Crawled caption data
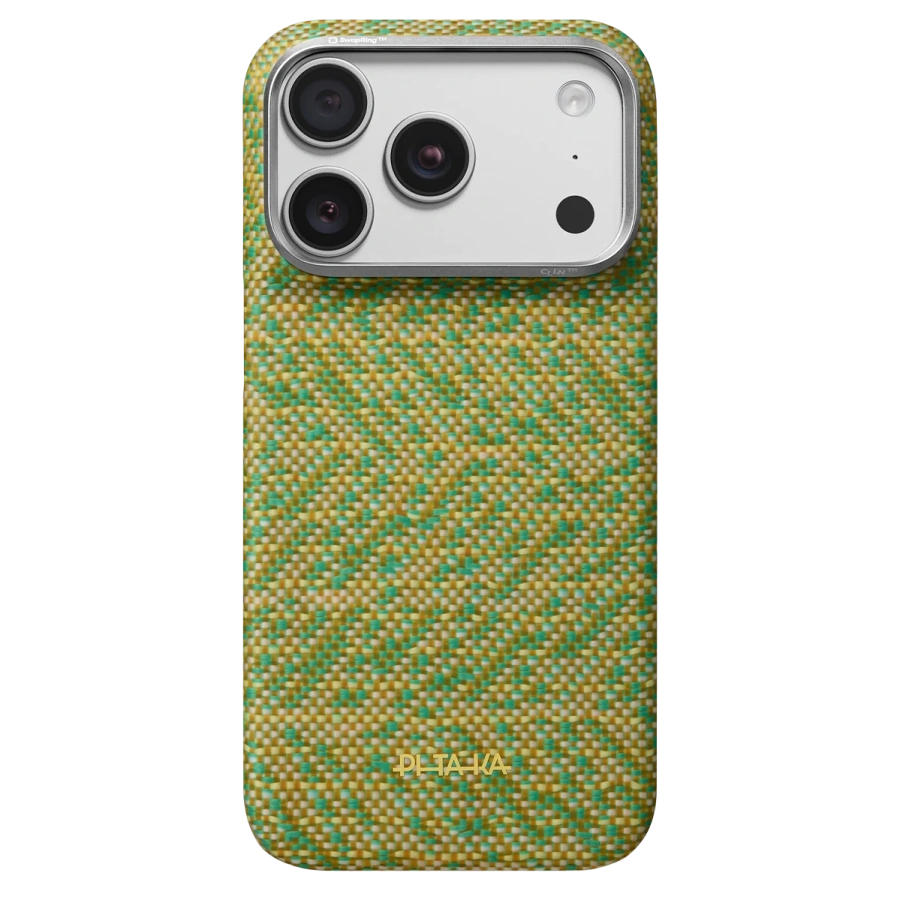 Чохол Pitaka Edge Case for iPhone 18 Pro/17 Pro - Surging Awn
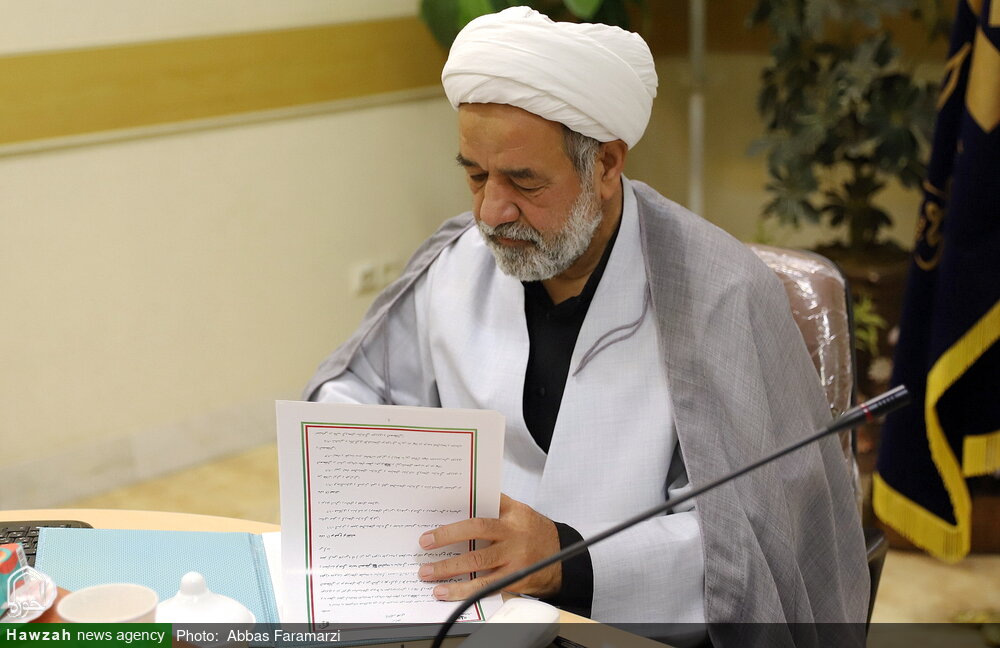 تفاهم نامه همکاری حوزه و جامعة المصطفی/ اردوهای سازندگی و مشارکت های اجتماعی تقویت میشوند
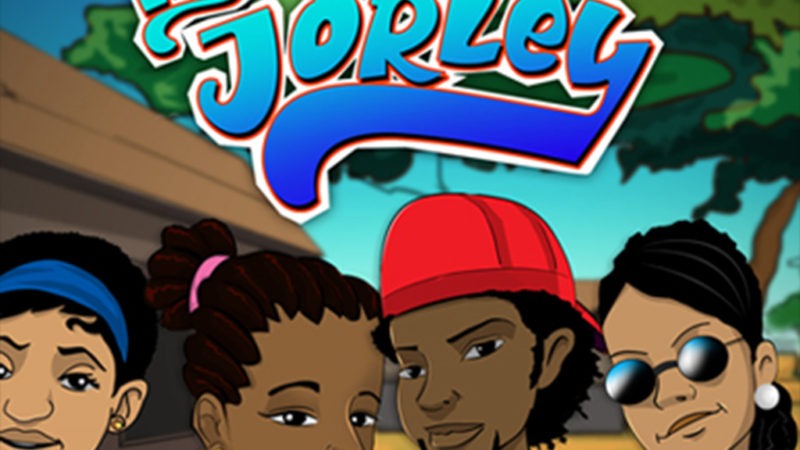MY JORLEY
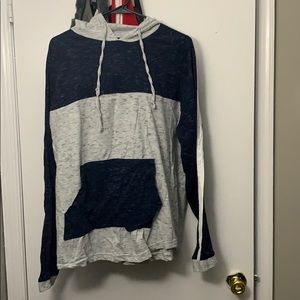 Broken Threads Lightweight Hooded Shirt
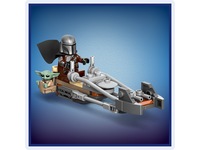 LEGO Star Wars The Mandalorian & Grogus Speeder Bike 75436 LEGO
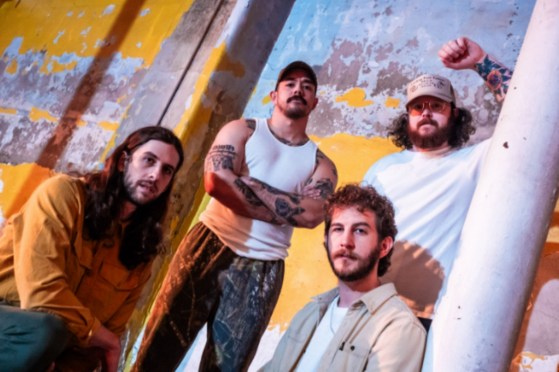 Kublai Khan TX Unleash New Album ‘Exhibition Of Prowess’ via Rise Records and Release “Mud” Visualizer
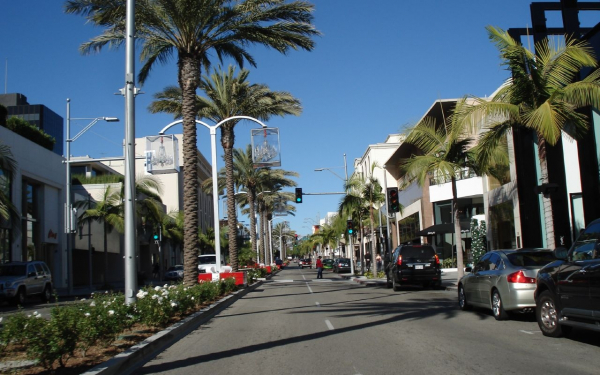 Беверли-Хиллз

* * *

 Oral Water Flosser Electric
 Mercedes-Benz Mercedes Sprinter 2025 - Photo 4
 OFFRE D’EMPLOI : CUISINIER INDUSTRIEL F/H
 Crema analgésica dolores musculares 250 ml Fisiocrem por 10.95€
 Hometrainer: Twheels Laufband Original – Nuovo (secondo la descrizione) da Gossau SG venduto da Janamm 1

▶ **WHAT THE TASK REQUIRES**
Starting at the line with "Kublai Khan TX" in the entries above, write out every line exactly until the line with "Беверли-Хиллз" has been written. Include no pictures and nothing more.

▶ **TASK RESULT**
 Kublai Khan TX Unleash New Album ‘Exhibition Of Prowess’ via Rise Records and Release “Mud” Visualizer
 Беверли-Хиллз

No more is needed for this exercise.